On Image-to-image Translation from Sentinel-1 SAR to Indices derived by Sentinel-2
Abstract
Since images from Sentinel-2 are based on optical information, some useful geospatial indices in a wide range of applications, such as Normalized Difference Vegetation Index (NDVI) and Normalized Difference Water Index (NDWI), can be extracted. Particularly, the NDVI is one of the commonly used indicators to estimate live vegetation and plays a key role in precision agriculture. Despite this practical usefulness, optical measurements suffer from its susceptibility to clouds and atmospheric conditions. To complement this disadvantage, some indices using Synthetic Aperture Radar (SAR) images to assess vegetation, such as Radar Vegetation Index (RVI), have been proposed. However, as the relationship between the NDVI and SAR can be complex and dynamic due to the changing crop growth stages, establishing robust and adaptive predictive models from SAR is still a challenging task. The framework of Generative Adversarial Networks (GANs) brought a remarkable breakthrough in image analysis, and applications of GANs to satellite imageries including super-resolution and cross-sensor transfer have been actively studied in the remote sensing field. While several conditional GAN-based models to generate optical bands from SAR data are developed and assessed in terms of accuracy of the predicted NDVI values, to our knowledge, whether and how the specific structures of the networks and data preprocessing such as feeding the existing radar-based vegetation indices to the models affects the predictive performance has not been sufficiently investigated.

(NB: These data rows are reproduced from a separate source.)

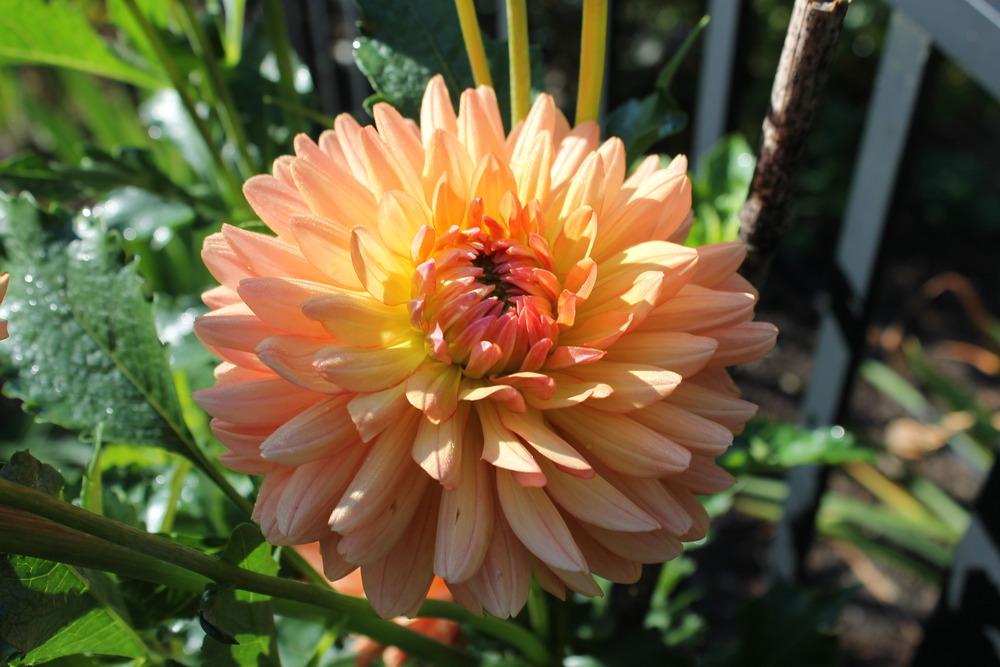 Photo of Dahlia 'Touche' uploaded by Meredith79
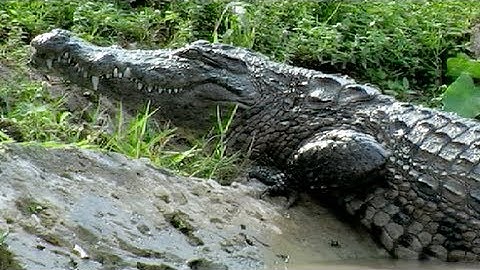 Crocodile kills Rat 02, Time Lapse Speed x0.5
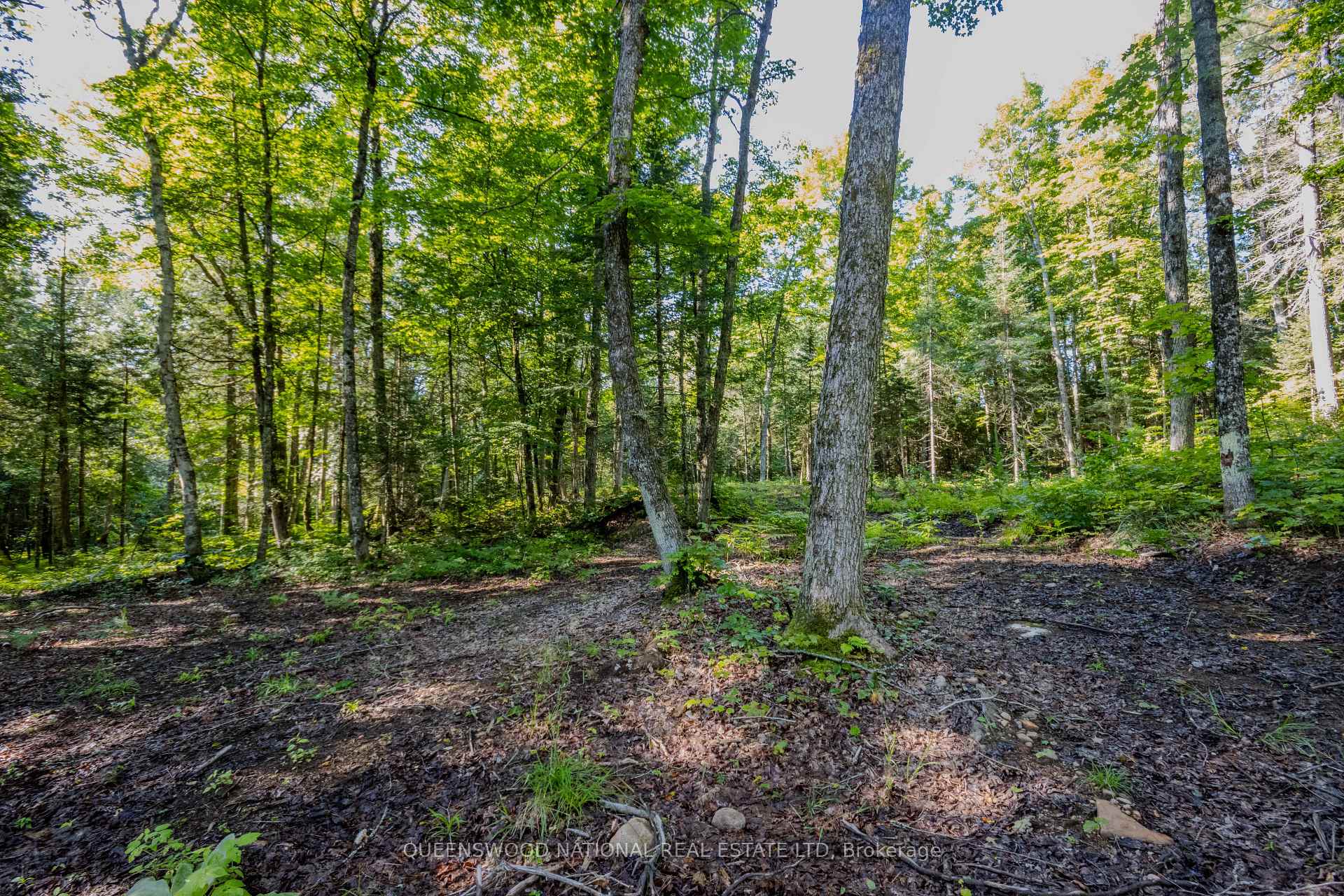 Photo 25 of 688 Prince Road E, Madawaska Valley, Madawaska Valley — HOMEH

In this presentation, we apply a GAN-based image-to-image translation method which is called pix2pix to SAR-based vegetation assessment with several architectural complexities and data preprocessing. The networks consume VV and VH polarizations of Sentinel-1 SAR data and some derivatives including RVIs, and estimate NDVI values calculated from Sentinel-2 data in crop regions. Through the experiments, we assess the effects of the network architecture and supplemental input information.